To do: With the pictures left out, reproduce exactly the lines running from the line with "Used 2020 Rolls-Royce" to the last line of the material below.

[Start of Attachment]

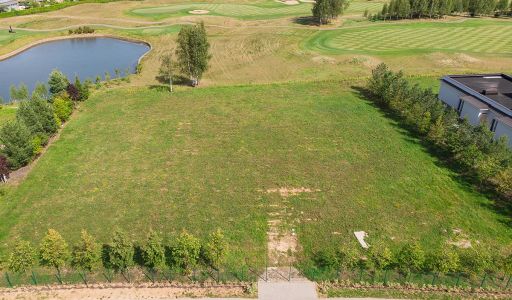 Участок на озере в гольф Пестово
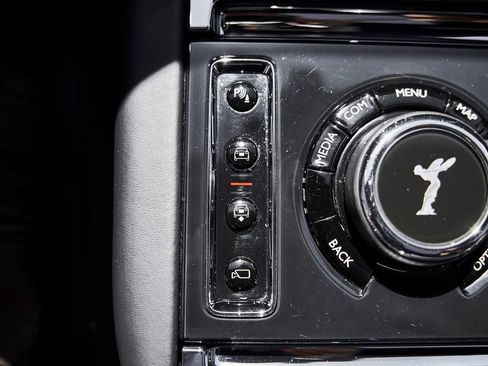 Used 2020 Rolls-Royce Cullinan AWD/4WD image 68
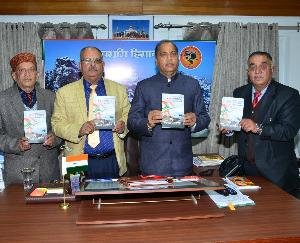 शिमला :कैप्टन राम सिंह ठाकुर पर लिखित राजेंद्र राजन की किताब का मुख्यमंत्री ने किया विमोचन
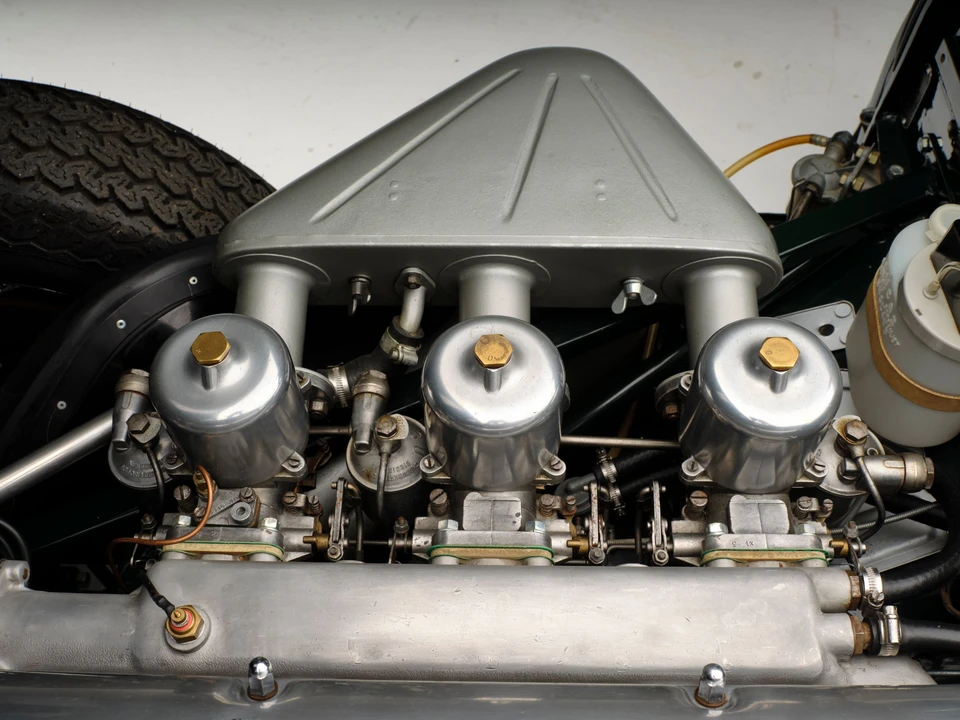 1967 Jaguar E-Type Series 1 - Image 25 of 31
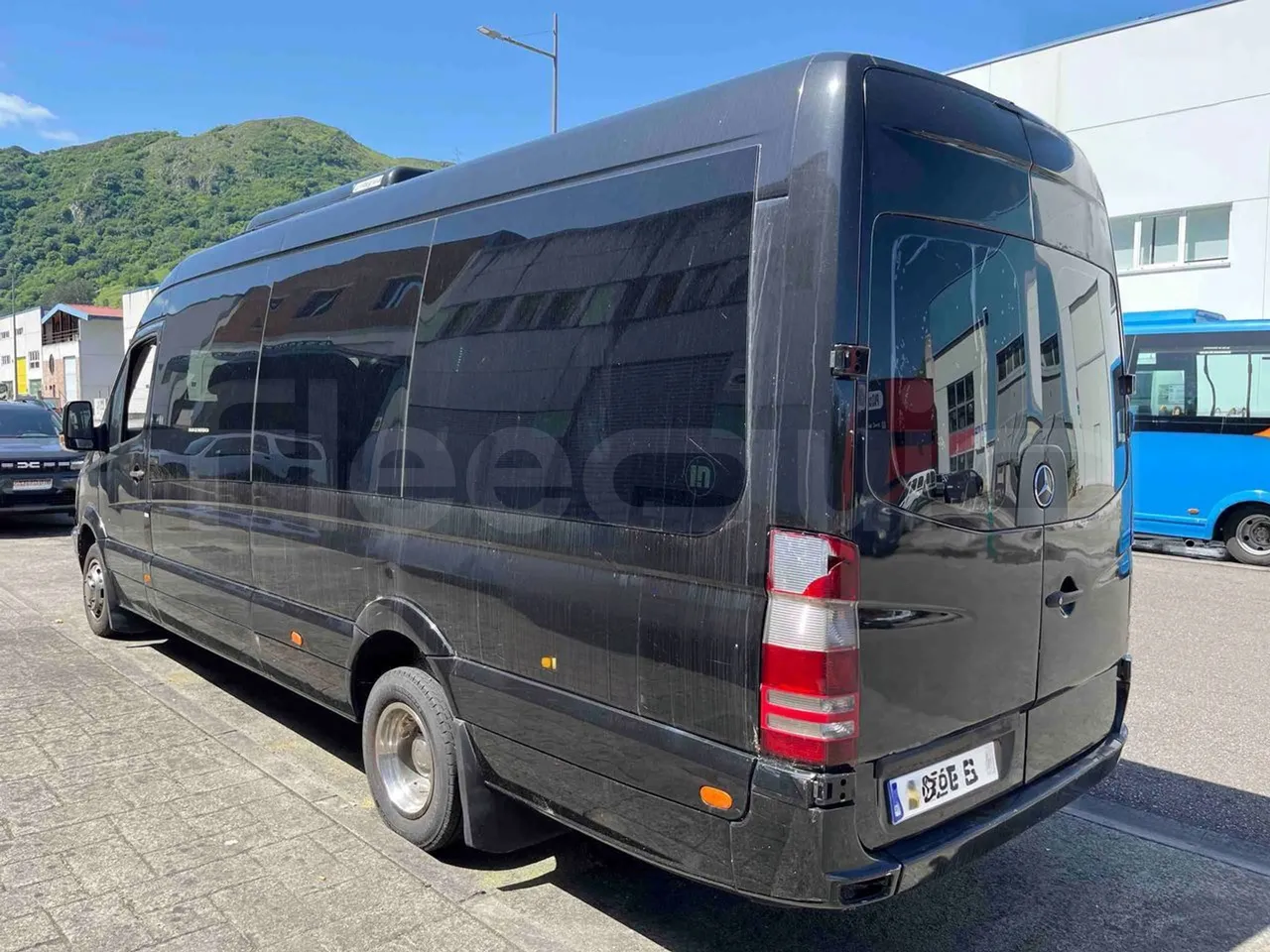 Mercedes-Benz Sprinter - 3/4 left rear side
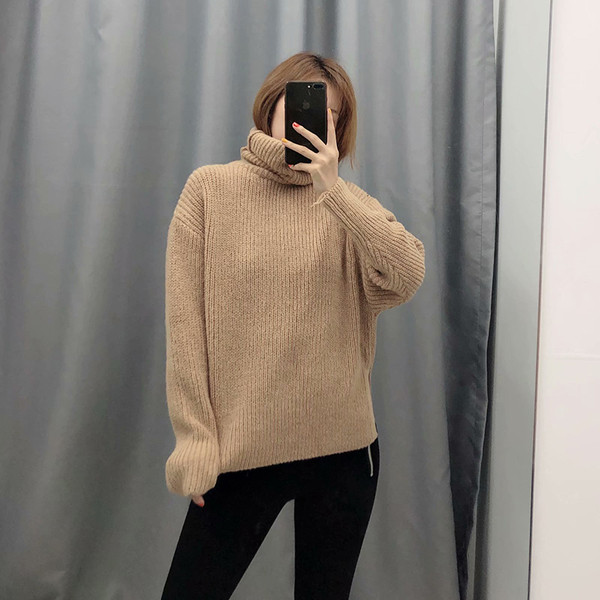 Μακρύ χειμερινό πουλόβερ με γιακά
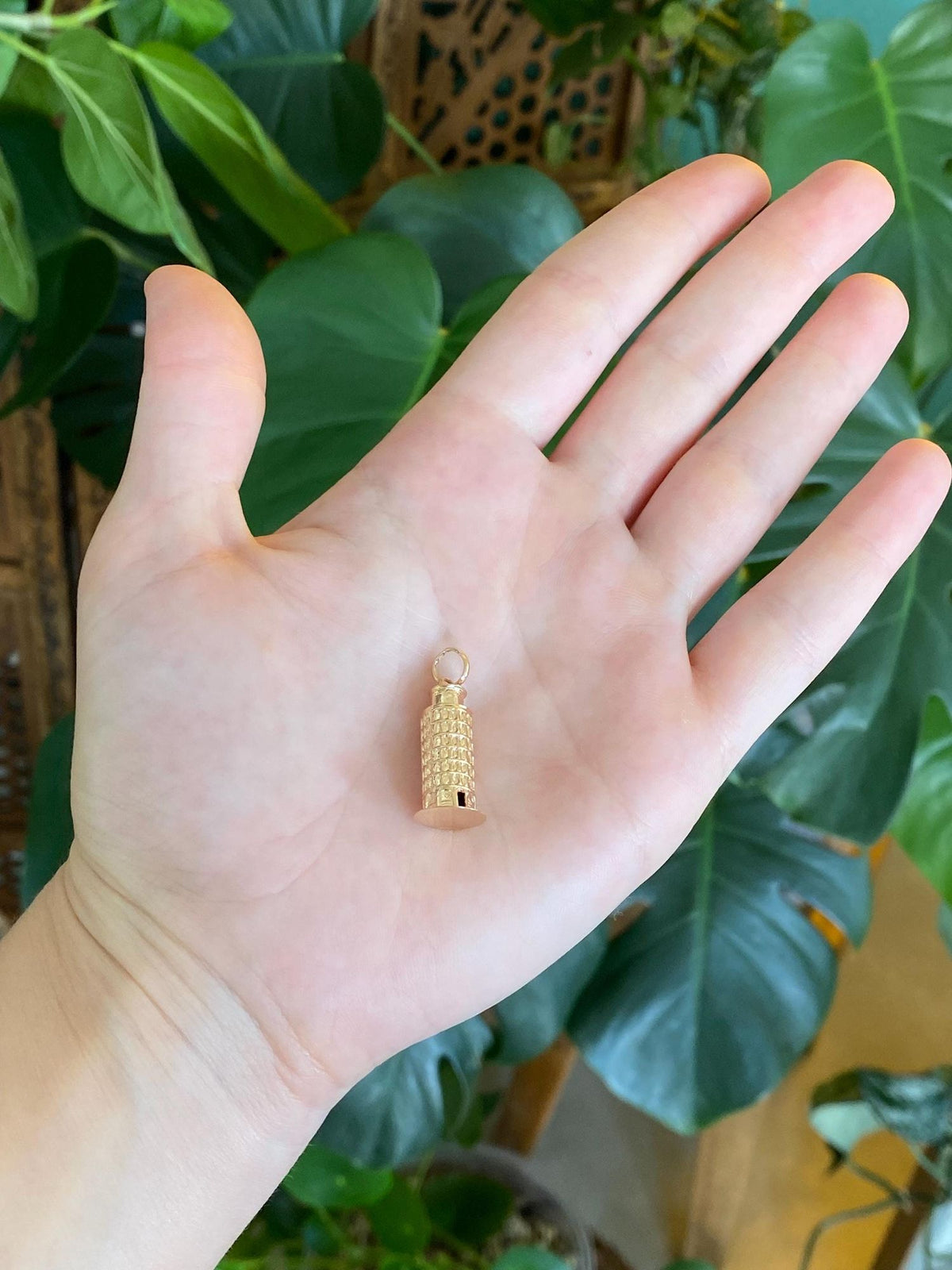 Vintage 18k Yellow Gold Leaning Tower of Pisa Charm
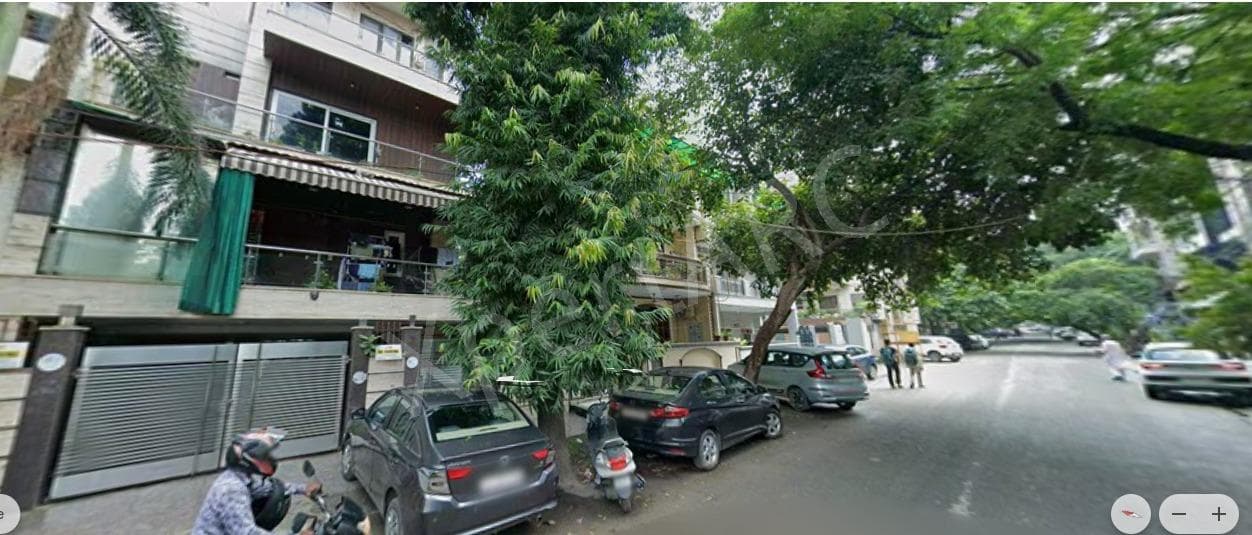 Property Photos 8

[End of Attachment]

Reply:
 Used 2020 Rolls-Royce Cullinan AWD/4WD image 68
 शिमला :कैप्टन राम सिंह ठाकुर पर लिखित राजेंद्र राजन की किताब का मुख्यमंत्री ने किया विमोचन
 1967 Jaguar E-Type Series 1 - Image 25 of 31
 Mercedes-Benz Sprinter - 3/4 left rear side
 Μακρύ χειμερινό πουλόβερ με γιακά
 Vintage 18k Yellow Gold Leaning Tower of Pisa Charm
 Property Photos 8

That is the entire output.